Prompt: Where "with" appears in a line of the entries below, that line should be copied.

Top of Available data

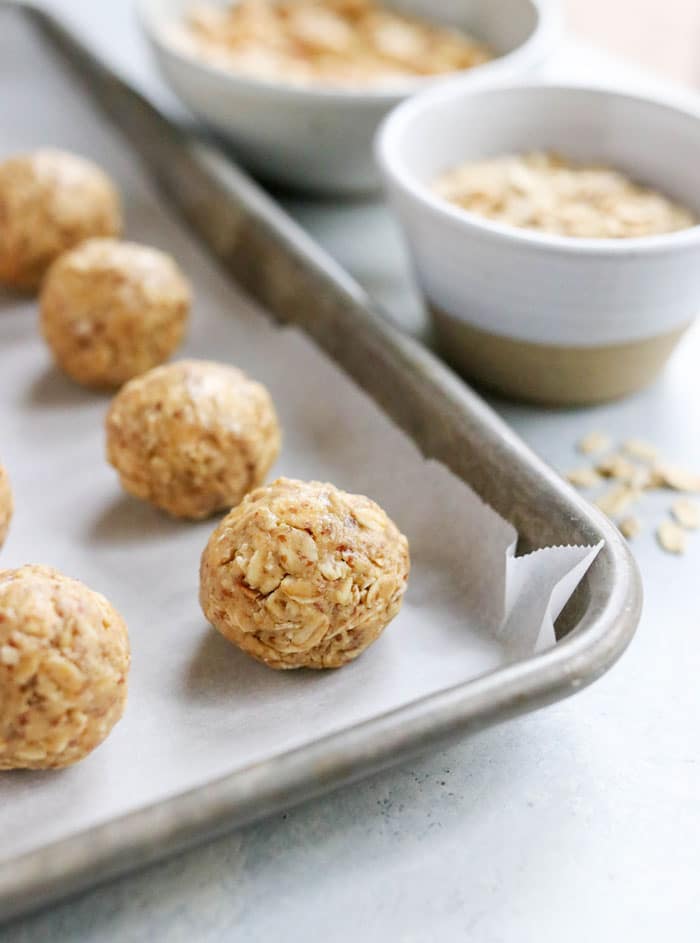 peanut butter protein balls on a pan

Bottom of Available data
Top of Available data

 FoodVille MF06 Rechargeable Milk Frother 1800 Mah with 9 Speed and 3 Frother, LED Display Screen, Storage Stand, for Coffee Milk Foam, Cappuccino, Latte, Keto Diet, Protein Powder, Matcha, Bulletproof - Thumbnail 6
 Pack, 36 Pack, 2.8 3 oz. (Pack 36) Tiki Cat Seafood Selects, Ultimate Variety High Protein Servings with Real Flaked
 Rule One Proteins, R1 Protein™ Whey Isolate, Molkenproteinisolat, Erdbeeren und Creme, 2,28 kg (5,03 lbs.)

Bottom of Available data

Solved exercise:
 FoodVille MF06 Rechargeable Milk Frother 1800 Mah with 9 Speed and 3 Frother, LED Display Screen, Storage Stand, for Coffee Milk Foam, Cappuccino, Latte, Keto Diet, Protein Powder, Matcha, Bulletproof - Thumbnail 6
 Pack, 36 Pack, 2.8 3 oz. (Pack 36) Tiki Cat Seafood Selects, Ultimate Variety High Protein Servings with Real Flaked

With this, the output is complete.